*Scraped caption text data*:
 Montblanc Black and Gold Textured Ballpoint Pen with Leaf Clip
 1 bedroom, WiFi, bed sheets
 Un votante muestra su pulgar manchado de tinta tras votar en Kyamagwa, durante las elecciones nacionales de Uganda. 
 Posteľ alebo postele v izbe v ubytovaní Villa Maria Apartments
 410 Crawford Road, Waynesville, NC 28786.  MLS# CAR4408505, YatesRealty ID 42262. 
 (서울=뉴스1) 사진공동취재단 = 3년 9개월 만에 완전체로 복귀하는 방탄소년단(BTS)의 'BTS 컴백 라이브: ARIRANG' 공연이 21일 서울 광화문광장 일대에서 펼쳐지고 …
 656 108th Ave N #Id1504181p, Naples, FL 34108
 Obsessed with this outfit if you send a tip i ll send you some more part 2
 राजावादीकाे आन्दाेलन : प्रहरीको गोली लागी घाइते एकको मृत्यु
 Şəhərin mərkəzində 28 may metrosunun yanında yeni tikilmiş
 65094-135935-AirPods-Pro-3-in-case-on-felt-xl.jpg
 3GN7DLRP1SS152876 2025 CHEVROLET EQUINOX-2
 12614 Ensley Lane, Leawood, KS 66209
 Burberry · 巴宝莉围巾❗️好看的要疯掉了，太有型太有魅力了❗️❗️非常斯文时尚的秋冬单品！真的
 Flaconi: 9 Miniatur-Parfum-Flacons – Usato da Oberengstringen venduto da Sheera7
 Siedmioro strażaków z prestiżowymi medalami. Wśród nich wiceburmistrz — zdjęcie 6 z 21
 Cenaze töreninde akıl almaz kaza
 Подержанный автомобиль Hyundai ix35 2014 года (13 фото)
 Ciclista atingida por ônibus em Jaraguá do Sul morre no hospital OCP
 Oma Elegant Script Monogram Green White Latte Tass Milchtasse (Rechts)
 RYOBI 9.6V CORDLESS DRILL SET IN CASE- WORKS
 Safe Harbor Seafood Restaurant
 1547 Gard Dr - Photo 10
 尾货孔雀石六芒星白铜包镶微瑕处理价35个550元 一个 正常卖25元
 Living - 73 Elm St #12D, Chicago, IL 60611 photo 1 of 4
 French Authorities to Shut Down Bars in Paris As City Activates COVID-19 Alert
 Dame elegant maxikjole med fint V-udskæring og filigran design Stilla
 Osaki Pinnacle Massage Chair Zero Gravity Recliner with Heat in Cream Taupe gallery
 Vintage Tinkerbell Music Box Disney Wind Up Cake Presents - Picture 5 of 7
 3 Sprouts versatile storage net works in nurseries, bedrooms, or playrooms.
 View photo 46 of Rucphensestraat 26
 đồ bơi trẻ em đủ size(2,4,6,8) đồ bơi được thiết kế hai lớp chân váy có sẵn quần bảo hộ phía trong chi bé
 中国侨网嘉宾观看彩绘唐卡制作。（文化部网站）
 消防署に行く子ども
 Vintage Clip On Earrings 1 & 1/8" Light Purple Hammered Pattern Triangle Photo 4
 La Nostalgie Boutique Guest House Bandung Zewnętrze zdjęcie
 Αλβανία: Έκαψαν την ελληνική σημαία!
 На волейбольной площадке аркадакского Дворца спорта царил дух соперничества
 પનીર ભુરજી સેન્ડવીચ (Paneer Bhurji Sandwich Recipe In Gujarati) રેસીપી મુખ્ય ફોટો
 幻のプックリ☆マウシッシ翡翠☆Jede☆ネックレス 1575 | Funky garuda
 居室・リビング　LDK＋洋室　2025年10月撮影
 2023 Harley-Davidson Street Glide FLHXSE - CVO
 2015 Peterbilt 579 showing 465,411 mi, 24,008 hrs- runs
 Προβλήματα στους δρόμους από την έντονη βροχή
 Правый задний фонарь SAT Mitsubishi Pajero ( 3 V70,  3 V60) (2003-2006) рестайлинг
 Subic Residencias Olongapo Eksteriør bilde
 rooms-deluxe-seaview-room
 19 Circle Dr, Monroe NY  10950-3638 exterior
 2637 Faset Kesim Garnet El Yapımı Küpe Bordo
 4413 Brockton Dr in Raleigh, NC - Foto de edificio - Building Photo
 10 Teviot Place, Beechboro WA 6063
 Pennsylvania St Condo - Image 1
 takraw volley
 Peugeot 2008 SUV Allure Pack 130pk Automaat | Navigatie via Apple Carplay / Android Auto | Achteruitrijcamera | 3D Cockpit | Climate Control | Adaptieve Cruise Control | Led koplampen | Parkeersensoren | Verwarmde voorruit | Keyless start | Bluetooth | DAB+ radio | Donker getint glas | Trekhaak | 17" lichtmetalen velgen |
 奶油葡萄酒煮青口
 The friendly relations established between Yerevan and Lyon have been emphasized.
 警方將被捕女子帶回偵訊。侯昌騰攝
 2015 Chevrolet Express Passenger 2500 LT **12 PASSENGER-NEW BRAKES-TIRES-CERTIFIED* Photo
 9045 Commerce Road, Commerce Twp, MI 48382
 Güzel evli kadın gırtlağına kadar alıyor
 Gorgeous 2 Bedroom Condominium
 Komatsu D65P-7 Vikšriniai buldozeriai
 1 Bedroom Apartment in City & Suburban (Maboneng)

*DIRECTIONS FOR THIS TASK*: Set down, exactly as they stand above, the lines starting with the line with "Flaconi: 9 Miniatur-Parfum-Flacons" and going on through the line with "Oma Elegant Script", and no others.

*RESPONSE FOR THIS EXERCISE*:
 Flaconi: 9 Miniatur-Parfum-Flacons – Usato da Oberengstringen venduto da Sheera7
 Siedmioro strażaków z prestiżowymi medalami. Wśród nich wiceburmistrz — zdjęcie 6 z 21
 Cenaze töreninde akıl almaz kaza
 Подержанный автомобиль Hyundai ix35 2014 года (13 фото)
 Ciclista atingida por ônibus em Jaraguá do Sul morre no hospital OCP
 Oma Elegant Script Monogram Green White Latte Tass Milchtasse (Rechts)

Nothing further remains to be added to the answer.